Doğumdan evvel yetim altı yaşında öksüz,
Dedesi ve amcası büyüttüler teklifsiz.
Amcaya yardım için bazen deve güderdi,
Verilen her görevi güzel ifa ederdi.
Bahira olayının öğrenmeli aslını,
Nedense kutsuyorlar hep hikâye faslını.
Bilseydi geleceği kırk yaşına kalmazdı,
Rabbim zaten diyor ki ’’Kitap İman bilmezdi.’’
En son Ficar harbinde ok attı, mızrak vurdu,
Geçmişi soranlara pişman değilim derdi.
Şiarı dürüstlüktür tereddütsüz güvenin,
Çünkü dostu düşmanı ona derlerdi Emin.
Hira, Sebir dağları yerlerinde kaldıkça,
Mazlumlar korunacak denizde su oldukça.
Fadılların amacı kentte huzur sağlamak,
Bundan böyle Mekke de yasaklandı ağlamak.
Ebu Talibin kızı Atike’yi istedi,
Yoksa maddi imkânın umudunu kes dedi.
Kervanlara katılıp Şam’a gitti birkaç kez,
Yaptığı ticaretten memnun kalırdı herkes.

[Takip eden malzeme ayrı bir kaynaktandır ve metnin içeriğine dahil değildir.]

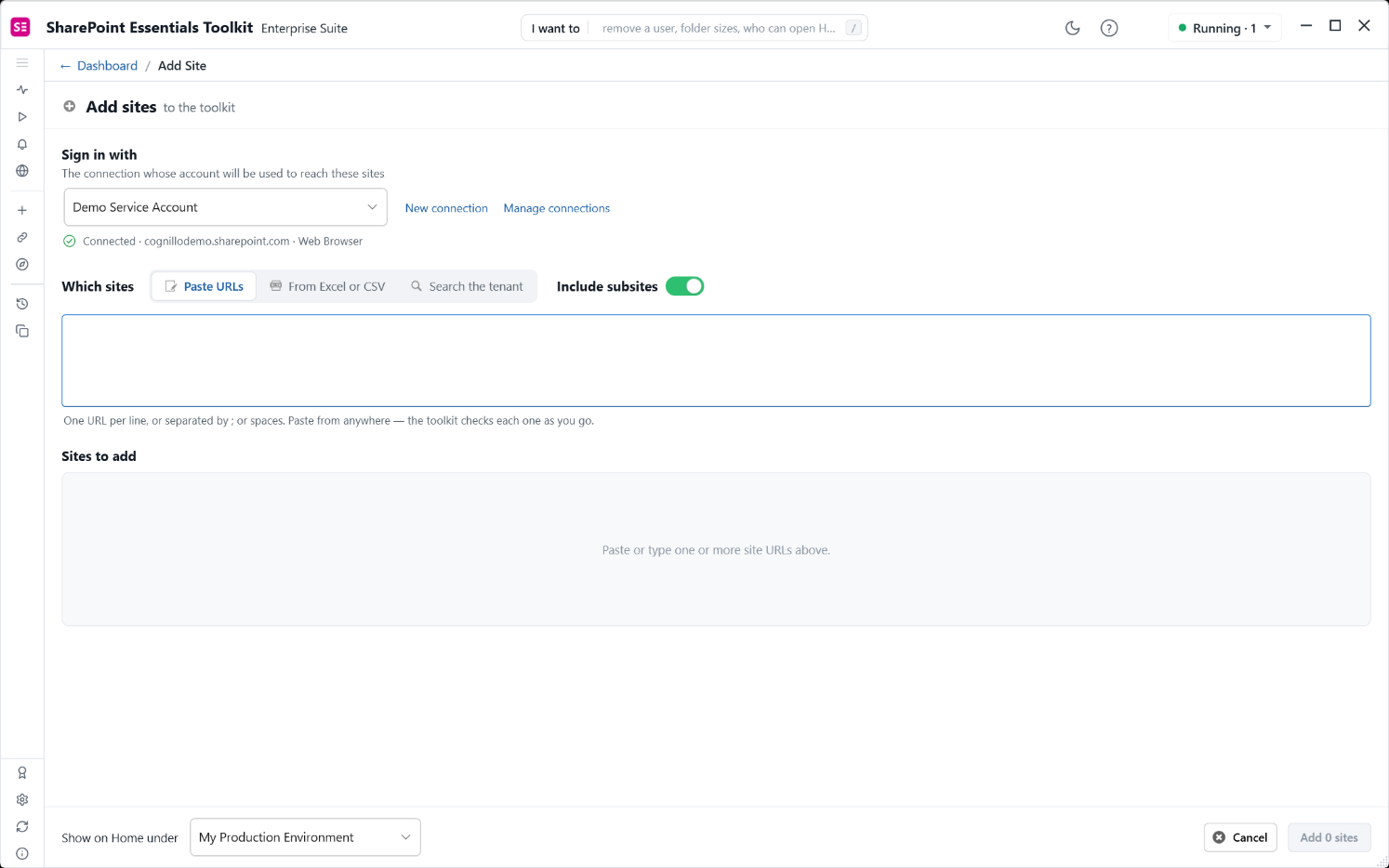 The 2027 Add sites page with connection, three site sources and Include subsites enabled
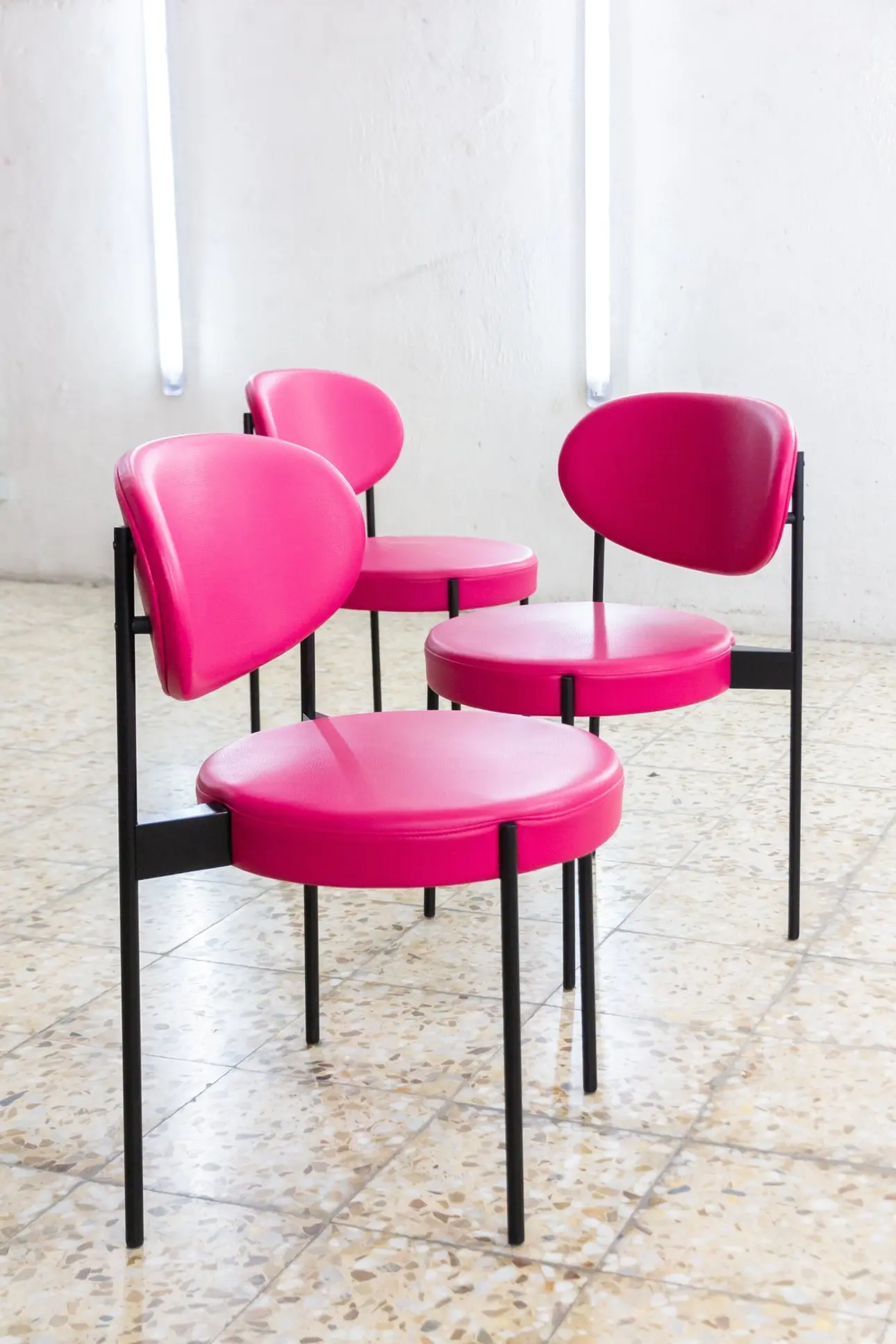 Verpan - Verner Panton - Stacking chair (3) - 430 - Leather, Steel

Yirmi beş yaşlarında Hatice’yle evlendi,
Hatice’nin amcası fakir diye söylendi.
Ümmü Gülsüm, Rukiyye, Zeynep, Fatma kızları,
Abdullah ve Kasım’da Hatice’nin izleri.
Yoksul Ebu Talib’e gösterdi vefasını,
Amcaoğlu Ali’nin aldı himayesini.
Eşinin yardımıyla Zeyd’i ettiler azad,
Gitmeyince babaya onu edindi evlat.
Yangın ve sel suları Kâbe’yi etti harap,
Bu durumu görenler çekiyordu ızdırap.
Ol Hacer’ül Esvet’ i koymak için yerine,
İhtiyaç duymuşlardı güvenecek birine.
Muhammet hakem oldu, yere sergi yaydılar,
Taşıtıp liderlere elleriyle koydular.
Hira mağarasında çekildi inzivaya,
Uyurken dalmış idi derince bir rüyaya.
İlk ayet ’’Yaratan Rabbinin adıyla oku.’’
Şaşkınlıktan hissetti ruhunda dehşet korku.
Bütün toplum bilir ki yazamaz okuyamaz,
İşte bundan dolayı kimse nifak sokamaz.
Koştu hemen eşine titriyordu bedeni,
Seslendi Hatice’ye ‘’Hemen örtünüz beni.’’
Vahiy az geç kalınca içine düştü ateş,
Çıldırmak üzereyim Rabbim nurunla yetiş.
İnsan siluetinde hemen geldi Cebrâ’il,
Vazgeç bu düşünceden Hak sana verdi delil.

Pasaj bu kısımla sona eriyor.